Reputation: 2652
I need some help with choosing an efficient algorithm to put elements from a vector into presorted buckets - or ideally output iterator ranges (as they are efficient I think). The example below is totally contrived, but the idea is that a an element's key is used to determine the output bucket. I'm not asking how to sort in order as that is a very simple matter of simply calling (which works and reorders the elements according to the key)
std::sort(testVec.begin(), testVec.end(), comparator);
I put a live example on coliru, where it is very easy to modify and fix (well not that easy or I wouldn't be asking the question). I could also go through the elements in this sorted list and while the key value is the same, append it into a new bucket, but I am looking for something more STL like in nature, and right now the above smells like a bit of a last resort hack, also the final solution needs to be efficient as the testVec is potentially large and the objects are also big in size. I would prefer not to modify the testvec - so it should be immutable.
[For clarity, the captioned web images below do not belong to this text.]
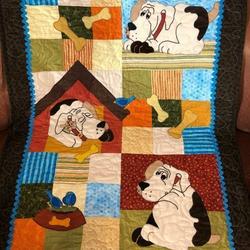 Hound Dog Hur Quilt tk and Home Decor
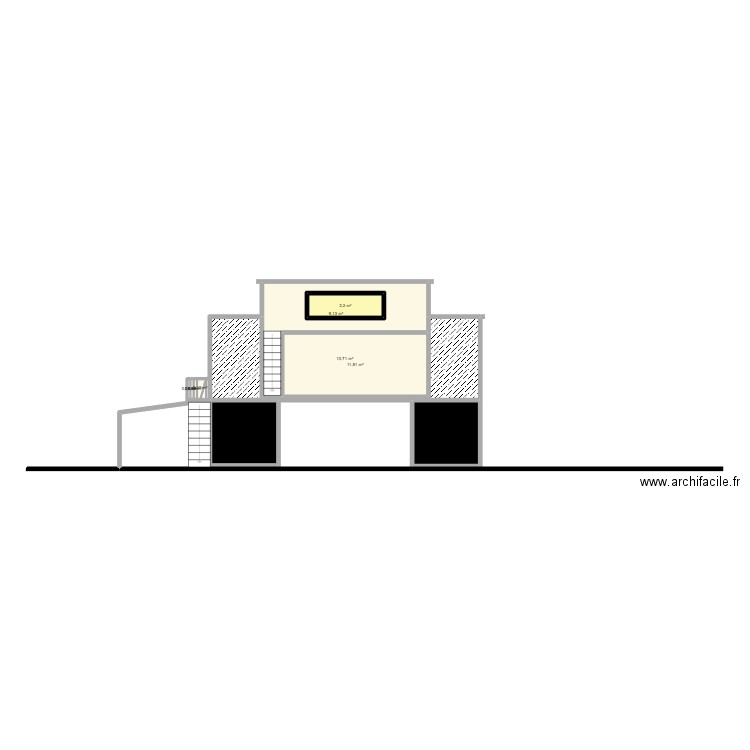 chalet rochebaucourt. Plan de 10 pièces et 48 m2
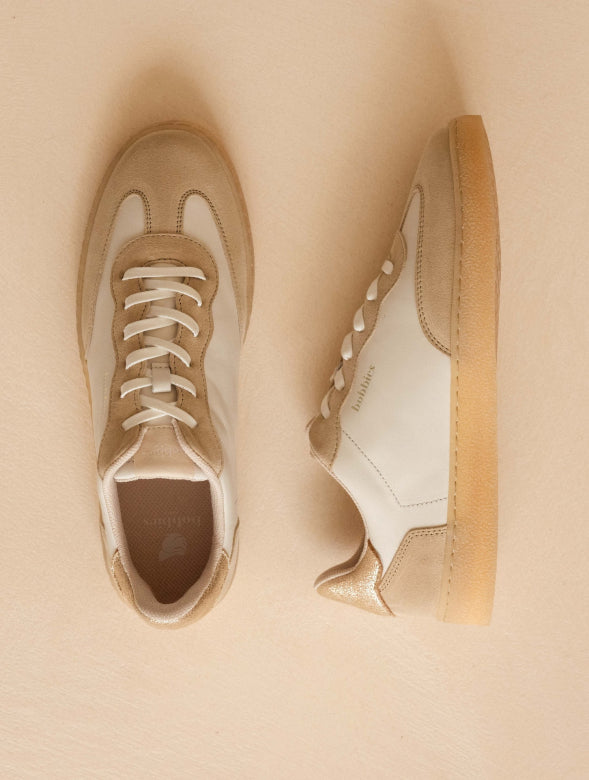 Bobbies Off-White & Iridescent Trainer|BAH02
Ideally I am looking for some sort of construct that spits out range iterators or something equally efficient. The actual objects are large so passing references or moving them is really the only option - my actual objects (the equivalent to MyStr) are movable. Something sort of foreach key, apply key predicate or something which I cannot figure out is what I am looking for. I hard coded the 3 buckets below just to show what I need to be able to attain - this is totally a hack.
Thanks in advance for any help with this problem
#include <string>
#include <iostream>
#include <sstream>
#include <iterator>
#include <vector>
#include <algorithm>
struct MyStr
{
int key;
std::string strval;
MyStr(int key, const std::string& rStrVal)
: key(key)
, strval(rStrVal)
{}
// let stream operators be friend functions instead of members!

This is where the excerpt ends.